Take the lines below beginning at the line that has "Conclusion de commentaire, Britannicus, Racine." and stopping after the line that has "Đường Dần Tại Dị Giới Chapter 189 - 5", and print them exactly as they are, with no other lines.

Extracted records
----

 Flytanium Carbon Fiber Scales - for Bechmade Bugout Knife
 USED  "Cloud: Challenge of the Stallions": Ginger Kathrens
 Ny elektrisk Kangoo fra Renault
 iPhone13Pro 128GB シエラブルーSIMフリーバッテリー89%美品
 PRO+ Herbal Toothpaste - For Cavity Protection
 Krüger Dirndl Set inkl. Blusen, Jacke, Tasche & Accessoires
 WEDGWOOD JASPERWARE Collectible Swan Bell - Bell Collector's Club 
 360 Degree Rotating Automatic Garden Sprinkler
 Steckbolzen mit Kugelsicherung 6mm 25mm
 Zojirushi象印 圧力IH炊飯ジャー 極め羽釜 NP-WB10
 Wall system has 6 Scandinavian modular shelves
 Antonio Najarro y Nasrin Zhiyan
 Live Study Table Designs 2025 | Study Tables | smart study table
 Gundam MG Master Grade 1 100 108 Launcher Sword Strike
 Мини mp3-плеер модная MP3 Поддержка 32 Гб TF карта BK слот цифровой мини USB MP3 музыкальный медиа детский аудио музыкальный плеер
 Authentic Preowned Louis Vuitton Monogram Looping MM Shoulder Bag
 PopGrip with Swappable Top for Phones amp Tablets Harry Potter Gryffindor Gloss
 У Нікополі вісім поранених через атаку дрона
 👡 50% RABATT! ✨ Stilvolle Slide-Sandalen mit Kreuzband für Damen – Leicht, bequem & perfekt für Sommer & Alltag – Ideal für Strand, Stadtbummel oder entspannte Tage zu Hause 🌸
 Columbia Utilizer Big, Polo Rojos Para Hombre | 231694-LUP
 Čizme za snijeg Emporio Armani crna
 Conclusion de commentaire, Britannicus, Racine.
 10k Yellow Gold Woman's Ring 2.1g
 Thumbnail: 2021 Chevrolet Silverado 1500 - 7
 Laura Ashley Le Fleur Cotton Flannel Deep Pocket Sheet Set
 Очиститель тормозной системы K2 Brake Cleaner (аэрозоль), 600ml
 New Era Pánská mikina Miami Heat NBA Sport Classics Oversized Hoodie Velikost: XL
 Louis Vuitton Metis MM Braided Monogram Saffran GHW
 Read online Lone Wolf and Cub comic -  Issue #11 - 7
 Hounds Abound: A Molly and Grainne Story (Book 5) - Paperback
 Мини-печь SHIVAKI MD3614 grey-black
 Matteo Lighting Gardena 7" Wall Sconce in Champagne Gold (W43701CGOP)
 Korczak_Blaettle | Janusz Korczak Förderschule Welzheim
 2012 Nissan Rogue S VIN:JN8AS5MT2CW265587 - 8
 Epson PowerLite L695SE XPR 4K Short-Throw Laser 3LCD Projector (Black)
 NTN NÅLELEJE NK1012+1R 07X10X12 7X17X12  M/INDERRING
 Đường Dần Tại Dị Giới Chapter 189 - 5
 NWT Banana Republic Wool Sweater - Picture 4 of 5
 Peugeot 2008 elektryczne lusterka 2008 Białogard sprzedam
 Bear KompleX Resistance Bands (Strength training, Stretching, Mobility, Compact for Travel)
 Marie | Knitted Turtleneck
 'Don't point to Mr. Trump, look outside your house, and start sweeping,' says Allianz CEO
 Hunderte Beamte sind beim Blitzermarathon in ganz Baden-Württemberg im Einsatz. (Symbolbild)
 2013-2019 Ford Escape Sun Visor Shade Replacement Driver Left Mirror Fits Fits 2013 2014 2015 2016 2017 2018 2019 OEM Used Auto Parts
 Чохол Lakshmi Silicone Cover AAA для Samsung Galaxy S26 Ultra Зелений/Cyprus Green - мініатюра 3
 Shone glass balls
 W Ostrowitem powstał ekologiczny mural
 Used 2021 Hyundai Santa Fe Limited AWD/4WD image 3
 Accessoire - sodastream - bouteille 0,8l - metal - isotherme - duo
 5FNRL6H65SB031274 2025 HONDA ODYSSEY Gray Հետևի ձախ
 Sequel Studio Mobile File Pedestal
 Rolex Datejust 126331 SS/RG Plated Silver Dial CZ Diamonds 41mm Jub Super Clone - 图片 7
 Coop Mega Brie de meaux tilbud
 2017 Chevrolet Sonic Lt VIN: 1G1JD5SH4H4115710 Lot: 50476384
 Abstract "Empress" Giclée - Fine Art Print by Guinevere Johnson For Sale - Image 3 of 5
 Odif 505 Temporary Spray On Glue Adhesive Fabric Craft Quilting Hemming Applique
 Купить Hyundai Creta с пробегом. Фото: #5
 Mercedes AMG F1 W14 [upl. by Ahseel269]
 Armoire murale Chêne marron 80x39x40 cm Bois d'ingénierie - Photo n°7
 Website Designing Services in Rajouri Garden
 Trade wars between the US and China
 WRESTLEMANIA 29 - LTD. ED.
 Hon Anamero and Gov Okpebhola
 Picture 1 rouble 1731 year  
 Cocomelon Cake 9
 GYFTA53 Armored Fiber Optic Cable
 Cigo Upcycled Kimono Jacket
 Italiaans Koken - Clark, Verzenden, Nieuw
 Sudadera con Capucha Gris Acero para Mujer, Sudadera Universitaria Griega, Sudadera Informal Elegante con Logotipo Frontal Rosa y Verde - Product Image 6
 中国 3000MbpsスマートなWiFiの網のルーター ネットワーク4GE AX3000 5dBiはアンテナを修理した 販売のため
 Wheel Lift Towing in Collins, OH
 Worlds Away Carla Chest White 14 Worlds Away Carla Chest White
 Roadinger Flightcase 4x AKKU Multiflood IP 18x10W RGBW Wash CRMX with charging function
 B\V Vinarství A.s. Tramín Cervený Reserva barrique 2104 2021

----

■ **Written response**
 Conclusion de commentaire, Britannicus, Racine.
 10k Yellow Gold Woman's Ring 2.1g
 Thumbnail: 2021 Chevrolet Silverado 1500 - 7
 Laura Ashley Le Fleur Cotton Flannel Deep Pocket Sheet Set
 Очиститель тормозной системы K2 Brake Cleaner (аэрозоль), 600ml
 New Era Pánská mikina Miami Heat NBA Sport Classics Oversized Hoodie Velikost: XL
 Louis Vuitton Metis MM Braided Monogram Saffran GHW
 Read online Lone Wolf and Cub comic -  Issue #11 - 7
 Hounds Abound: A Molly and Grainne Story (Book 5) - Paperback
 Мини-печь SHIVAKI MD3614 grey-black
 Matteo Lighting Gardena 7" Wall Sconce in Champagne Gold (W43701CGOP)
 Korczak_Blaettle | Janusz Korczak Förderschule Welzheim
 2012 Nissan Rogue S VIN:JN8AS5MT2CW265587 - 8
 Epson PowerLite L695SE XPR 4K Short-Throw Laser 3LCD Projector (Black)
 NTN NÅLELEJE NK1012+1R 07X10X12 7X17X12  M/INDERRING
 Đường Dần Tại Dị Giới Chapter 189 - 5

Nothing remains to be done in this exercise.